[Crawled caption data]
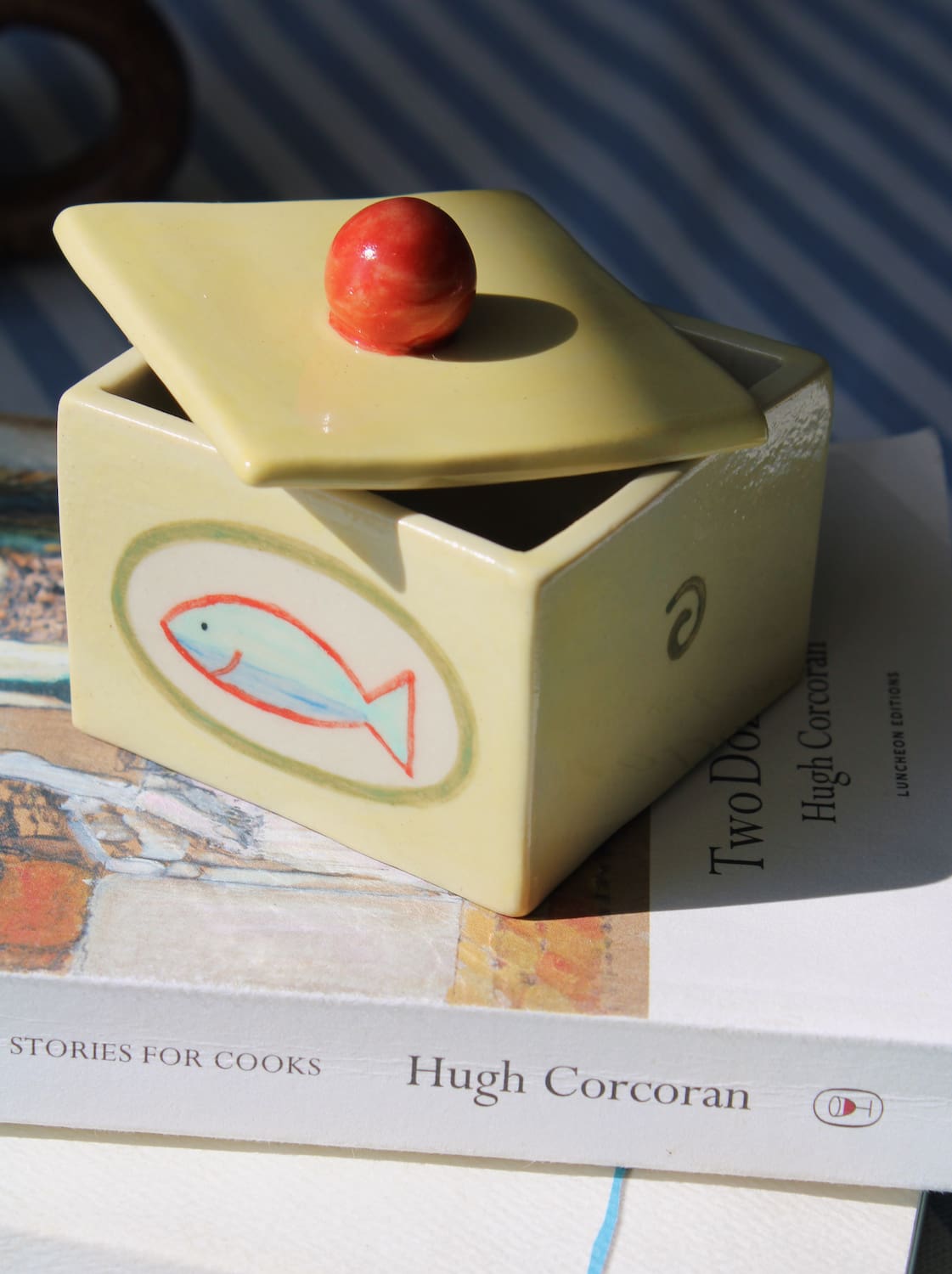 Ceramic Sardina storage box with playful fish design and sculptural red lid detail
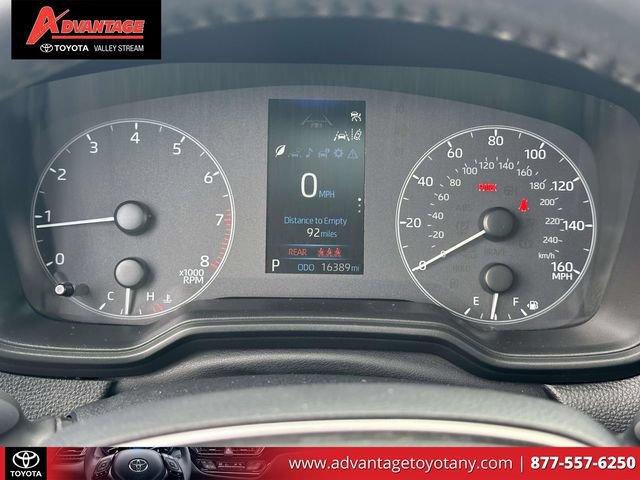 Used 2023 Toyota Corolla Cross LE w/ Moonroof Package AWD/4WD image 28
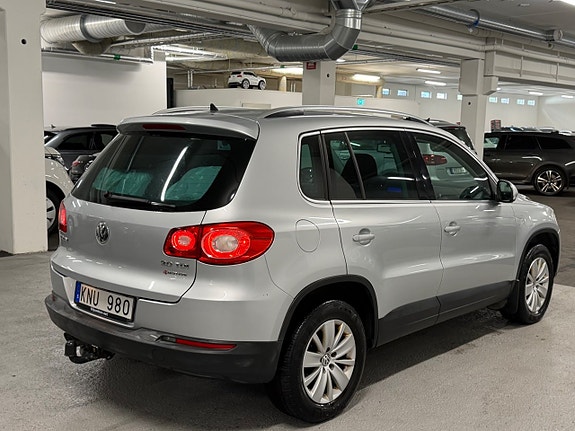 Volkswagen Tiguan 4 of 13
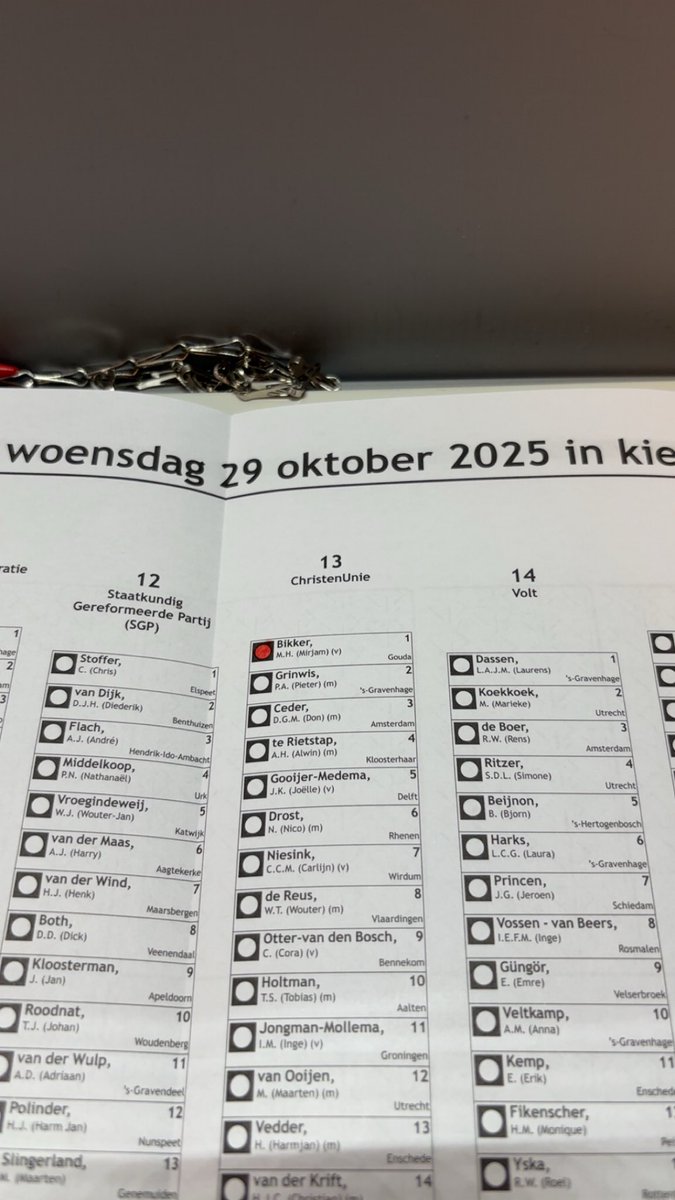 cu_dfm's tweet image. Nog aan het zweven? Of voelt het stemmen misschien nutteloos? 

Kies een partij van hoop, die opstaat voor het goede. Een partij die werkt vanuit de diepste overtuigingen op de inhoud.

Stem lijst 13, stem ChristenUnie 💙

Work to complete:
Could you set down every record above exactly as written, leaving out the pictures?

Problem solution:
 Ceramic Sardina storage box with playful fish design and sculptural red lid detail
 Used 2023 Toyota Corolla Cross LE w/ Moonroof Package AWD/4WD image 28
 Volkswagen Tiguan 4 of 13
 cu_dfm's tweet image. Nog aan het zweven? Of voelt het stemmen misschien nutteloos? 

Kies een partij van hoop, die opstaat voor het goede. Een partij die werkt vanuit de diepste overtuigingen op de inhoud.

Stem lijst 13, stem ChristenUnie 💙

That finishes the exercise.